A precise copy of the data is required, with every picture left out.

Data below ->
——————

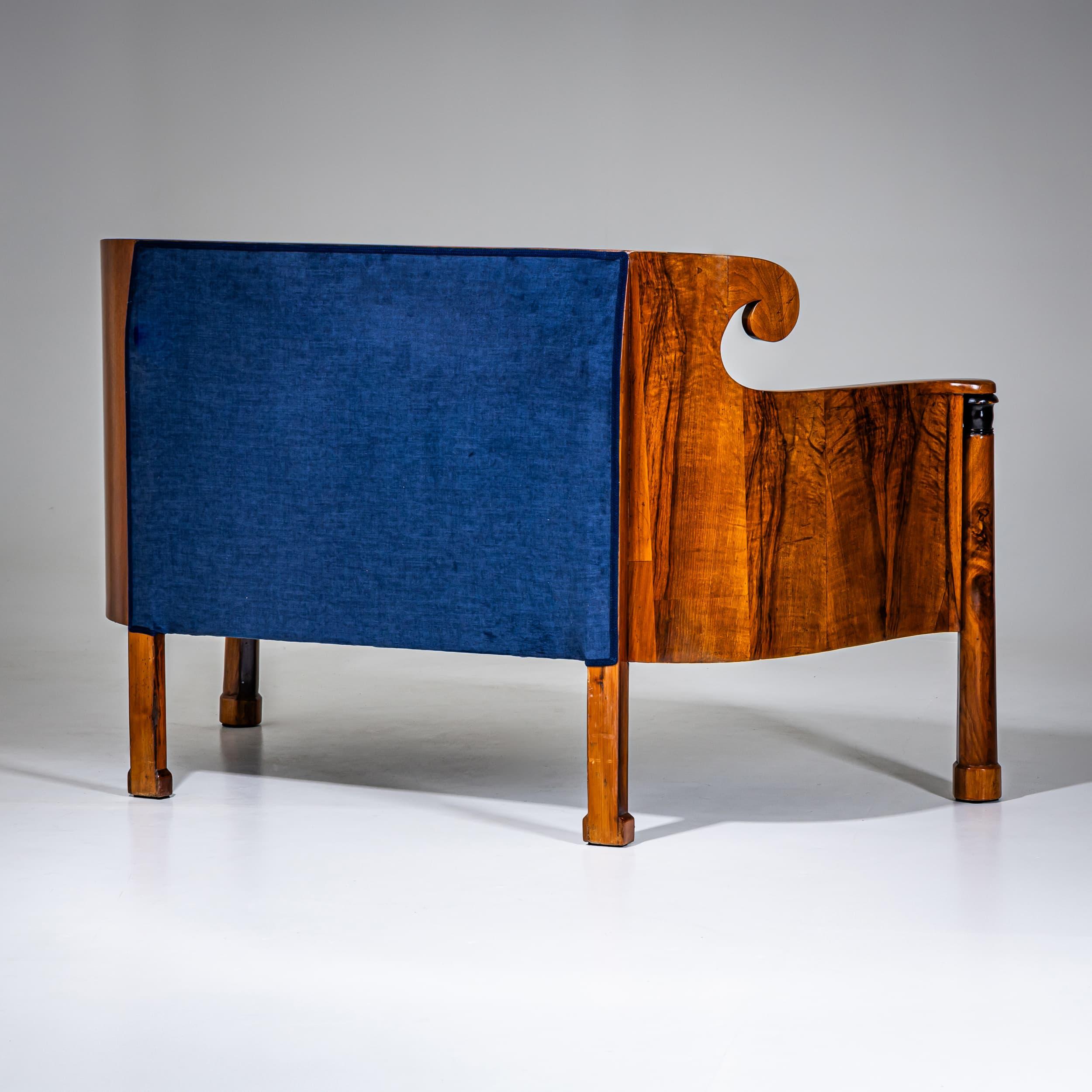 Tessuto Biedermeier Sofa in Walnut, Austria, circa 1830 in vendita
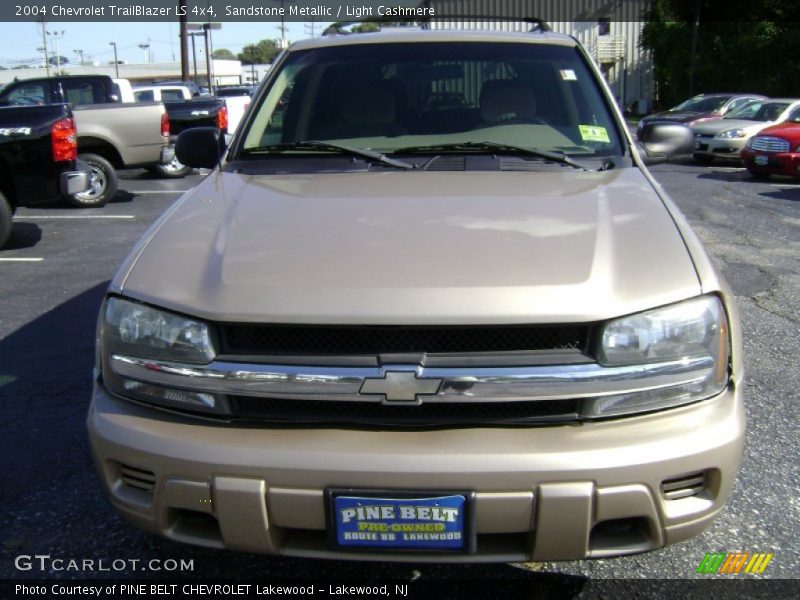 Sandstone Metallic / Light Cashmere 2004 Chevrolet TrailBlazer LS 4x4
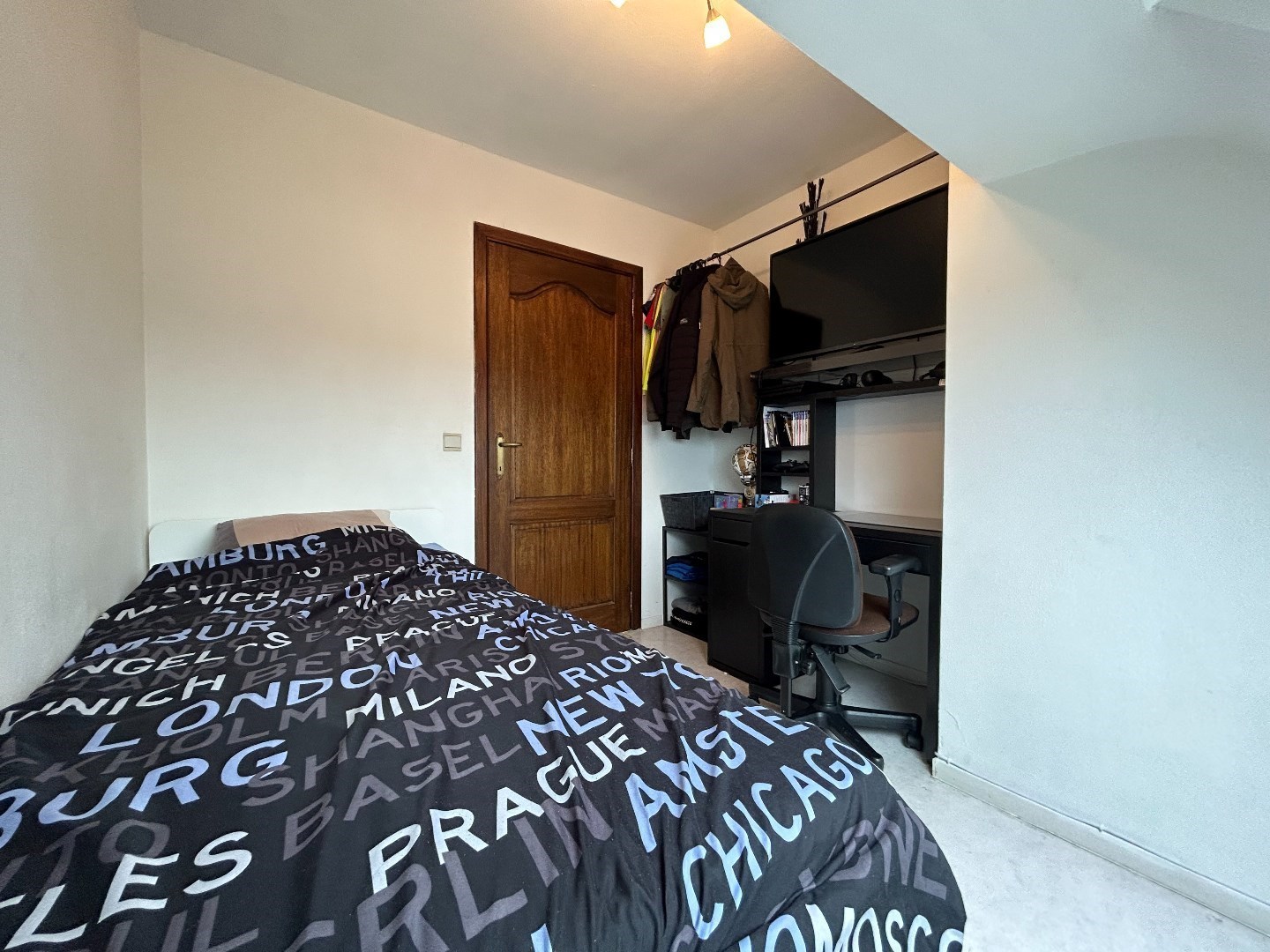 Instapklaar appartement met 2 slpk. en zeer groot terras in centrum Geel 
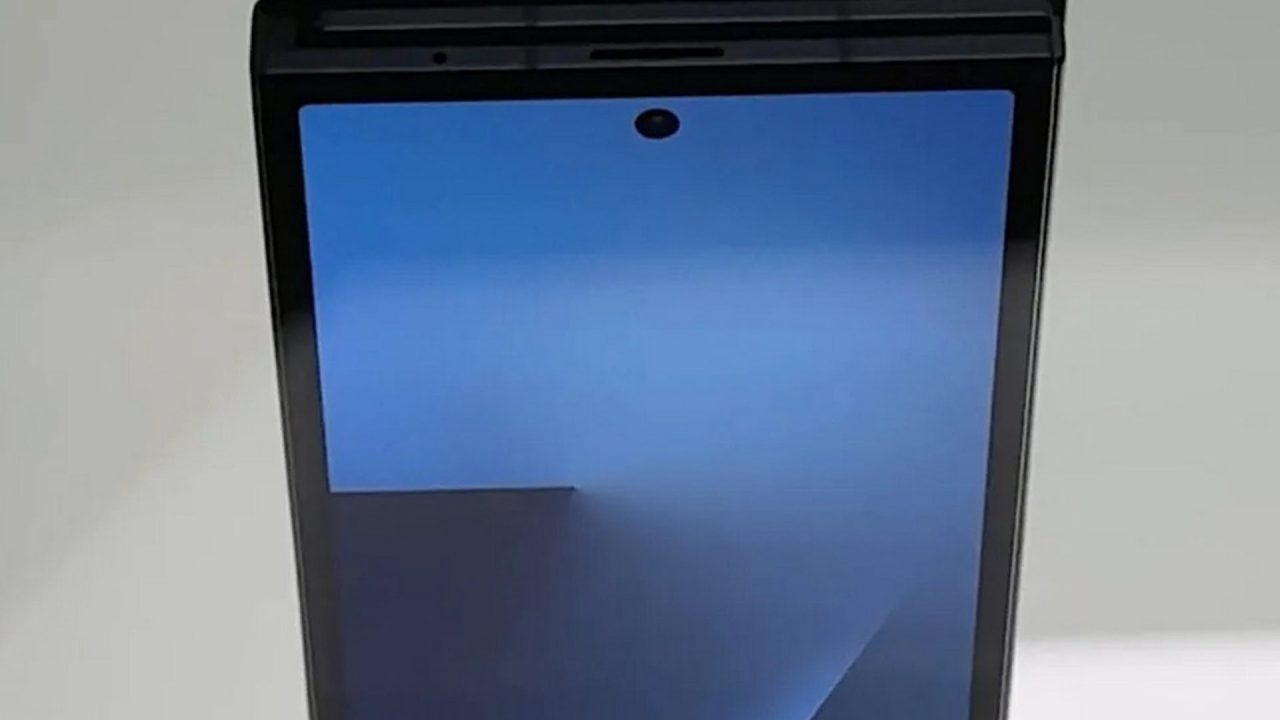 Samsung Galaxy Trifold: Επιτέλους μια καλύτερη ματιά του εντυπωσιακού νέου trifold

——————

Problem solution ->
 Tessuto Biedermeier Sofa in Walnut, Austria, circa 1830 in vendita
 Sandstone Metallic / Light Cashmere 2004 Chevrolet TrailBlazer LS 4x4
 Instapklaar appartement met 2 slpk. en zeer groot terras in centrum Geel 
 Samsung Galaxy Trifold: Επιτέλους μια καλύτερη ματιά του εντυπωσιακού νέου trifold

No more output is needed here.